If modeling robotics after humans, the greatest compliment may be due Terasem Movement‘s BINA48, modeled after the co-founder of Terasem’s wife, Bina Rothblatt.  David Hanson created and programmed BINA48, spending more than 100 hours assembling the thoughts, emotions, memories and feelings of its human predecessor to upload into the robot. As this machine spends time with people, its knowledge base grows, it makes decisions based on experience and it can converse, using Bina’s mannerisms when it does.

Robotics researchers have discovered humans can be squeamish interacting with robots intended but failing to convince us of humanlike qualities. Digging deeper into that realm, University of Pisa scientists are working with a robot named FACE. Thanks to studies of the complexity of human expression, this machine can mimic a wide range of emotions – from amazement, indifference, and fear to happiness, sadness and disgust. FACE additionally expresses subtlety falling between these emotions. That subtlety is in part due to a battery of 32 motors replicating key points of movement in human expressions. Among the projections for FACE’s use is teaching autistic children to understand mood through recognition of facial expressions.

Other Robot bits
Thinking out of … errr… in the box, MIT researchers have created M-Blocks—metal cubes powered by flywheels for movement. These cubes feature magnetic properties, enabling them to stick together and form basic structures. The Cubli goes one step further. Developed by ETH Zurich the Cubli robot cube not only moves using flywheels, but it can balance on one corner.

Cubli, just less than six inches per side, is a framework housing three brushless motors powering momentum wheels, one for each axis of motion. The motor controllers and inertial sensors are all linked to a microprocessor, which can maintain balance, or shift momentum to rotate or move, by controlling falls in given directions. The aim right now for such a device is to give robots a greater sense of balance and mobility as they explore other planets.

Just shy of full autonomy is the notion of the human mind directly controlling a robot. Through an electrode-filled swim-cap, a human can now control the robot “Morpheus” through commands given as thoughts. Human controllers at the University of Washington have experienced a success rate of up to 94 percent, all via the scalp interface. The developer’s aim for Morpheus will be able to provide rescue capability as well as companionship to humans.

In summation, engineering is tackling a remarkable number of robotics challenges in terms of mechanical “framing”, artificial intelligence and complex multiple-processor capabilities, and making inroads on dynamic problems like balance, flexible responses and speed. There remains a greater frontier in fundamental components – critical technologies such as batteries, servos, and electric motors that must evolve to make robots strong yet fluid and even more adaptable. And the multidisciplinary approaches of bioengineering are already at work in these areas.

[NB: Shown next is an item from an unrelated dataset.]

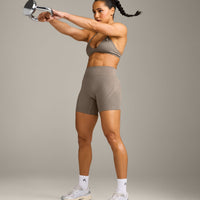 EnhanceLift™ Seamless Shorts with Grey Logo | Warm Minky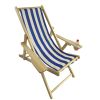 Outdoor Poplar Hanging Chair Wide Blue Stripes armrest with cup holder (Color: Dark Blue) - Blue Stripes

Social Media Gone Wild—Aussie swimmers warned by #Chomp
Australian government researchers have attached acoustic transmitters to 338 sharks off Australia’s west coast. The devices ping off an automatic alert on the Surf Live Saving Western Australia’s Twitter feed when they come in proximity of a beachfront receiver.  So when a tagged shark is in the danger zone, its transmitter broadcasts the shark’s size, species and location.

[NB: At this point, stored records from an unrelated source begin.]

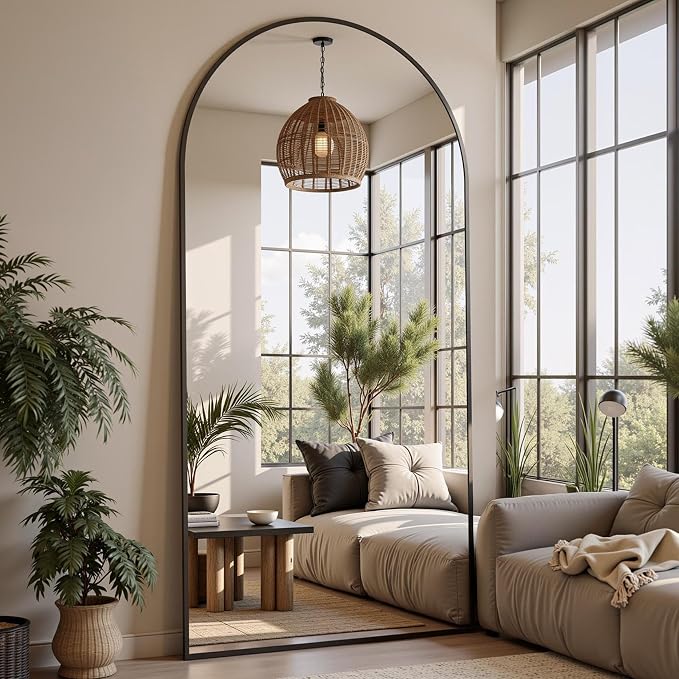 Floor Mirror, 76"x34" Oversized Full Length Mirror with Stand, Arched Full Body Mirror Standing Hanging Leaning Against Wall, Aluminum Frame Giant Mirrors for Bedroom Cloakroom, Black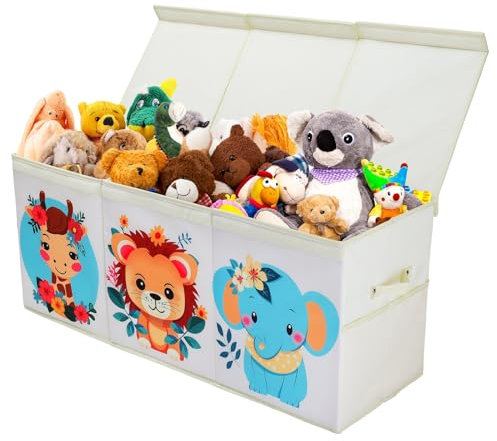 decalsweet Scatola di Giocattoli Extra Large con Coperchio Ribalta per Bambini, Contenitore Porta Giochi Pieghevole Oxford Tasche in Rete, Baule Portagiochi Impermeabile, 96×32×40 cm (Animale Carino)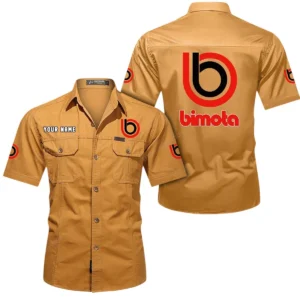 Bimota Motorcycles Short Sleeved Shirt, All Over Print Button Shirt CAR444052625799 - Turmeric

Since 2012, shark attacks have claimed six people in Western Australia. This new alert system using Twitter technology is an automated version of one in South Africa that relies on human shark-spotters tweeting their observations.

The technology isn’t foolproof, as not all sharks will be tagged, and an alert doesn’t necessarily mean there will be an attack, as many beaches worldwide have sharks loitering much of the time.

Hopes are this early warning system will save lives—and not just human lives. The researchers also hope that lessening the possibility of attacks on people will dampen desires to hunt such predators in beach regions. Australia has a new shark-killing program aiming to keep beaches safe.